Work item:
Leave the pictures out, and transcribe the material below exactly from the line with "On the Amsoil" to the line with "Alright, and that's", both lines included.
::: Records supplied
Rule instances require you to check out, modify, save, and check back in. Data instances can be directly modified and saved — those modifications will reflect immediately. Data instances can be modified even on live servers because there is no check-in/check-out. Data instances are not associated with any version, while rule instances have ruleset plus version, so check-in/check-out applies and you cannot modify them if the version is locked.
::::::
::: Records supplied
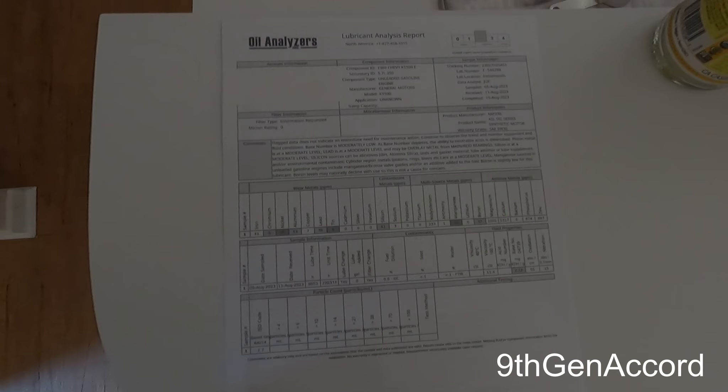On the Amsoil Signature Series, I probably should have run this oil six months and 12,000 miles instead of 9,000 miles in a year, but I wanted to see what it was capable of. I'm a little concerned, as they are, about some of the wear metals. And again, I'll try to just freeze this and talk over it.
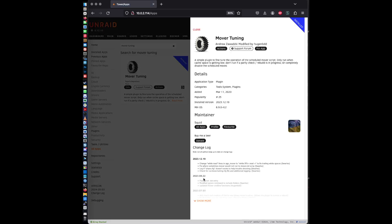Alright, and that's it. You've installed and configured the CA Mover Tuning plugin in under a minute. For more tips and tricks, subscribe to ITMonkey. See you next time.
::::::
Output:
On the Amsoil Signature Series, I probably should have run this oil six months and 12,000 miles instead of 9,000 miles in a year, but I wanted to see what it was capable of. I'm a little concerned, as they are, about some of the wear metals. And again, I'll try to just freeze this and talk over it.
Alright, and that's it. You've installed and configured the CA Mover Tuning plugin in under a minute. For more tips and tricks, subscribe to ITMonkey. See you next time.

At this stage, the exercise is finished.